You may get more answers in the Mac Pro section, rather than here, which is for PowerPC Macs from 10 years ago or more.
You may need to format the drive in an external enclosure, or using the version of DIsk Utility that came with Snow Leopard, due to a bug introduced in 10.8.4, which I do not believe has been fixed. It's described in this discussion:
http://apple.stackexchange.com/questions/112266/why-doesnt-my-mac-pro-see-my-new -4tb-sata-drive
I recently installed a 3 TB drive in a drive bay of my 2008 Mac Pro. When I rebooted it was not recognised and required formatting. However Disk Utility formatted it as a “Logical Volume Group”. I could not set the partition and GUID option and it was not showing the full capacity of the drive.

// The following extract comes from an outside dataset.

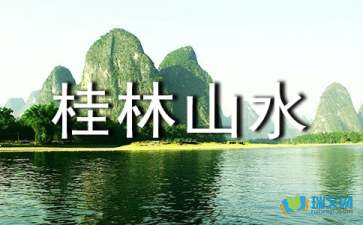 桂林山水作文的開頭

I Googled the issue and found that 10.8.4 and 10.8.5 have a bug which was causing this problem to occur with drives of 3 TB and greater capacity. The solution was to boot from an earlier version of OS X. I booted from a Snow Leopard boot drive which I keep on a USB Flash Drive and used Disk Utility to successfully re-format and partition the 3 TB drive. I am not sure whether the bug is still present in Mavericks.
I was running 10.8.5 when I encountered the problem I described above - drive not recognised but Disk Utility did offer to format it. However the normal format options were not available with "Logical Volume Group" being the only option.

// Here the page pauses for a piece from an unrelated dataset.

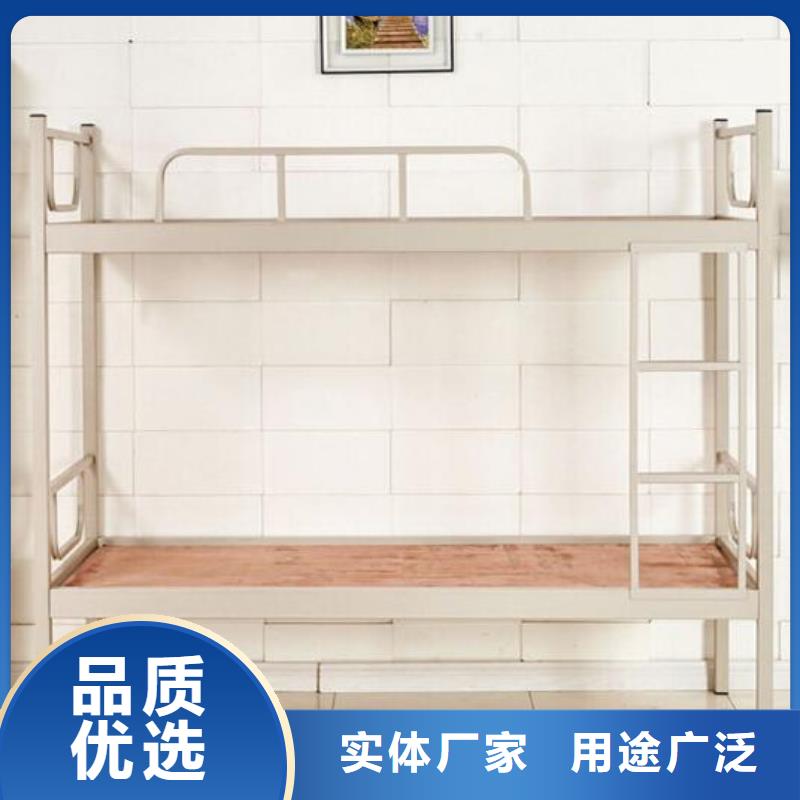 县方管铁床学生不锈钢餐桌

I did not have a boot volume pre 10.8.4 but did have a Snow Leopard boot volume. When I restarted my Mac Pro with this Snow Leopard volume I was able to use Disk Utility to set the drive to one partition and GUID format. When I rebooted into 10.8.5 the drive was recognised as a normal volume and I have been using it for my Time Machine backup ever since.
Also, I believe that on at least some 6TB drives, the screw holes are in different locations on the drive and this makes it difficult to mount them in the drive sleds. This might only be a problem with Seagate 6TB drives, though. If you want the drive in BD Aqua's link, check with OWC about whether the screw holes are in the expected positions.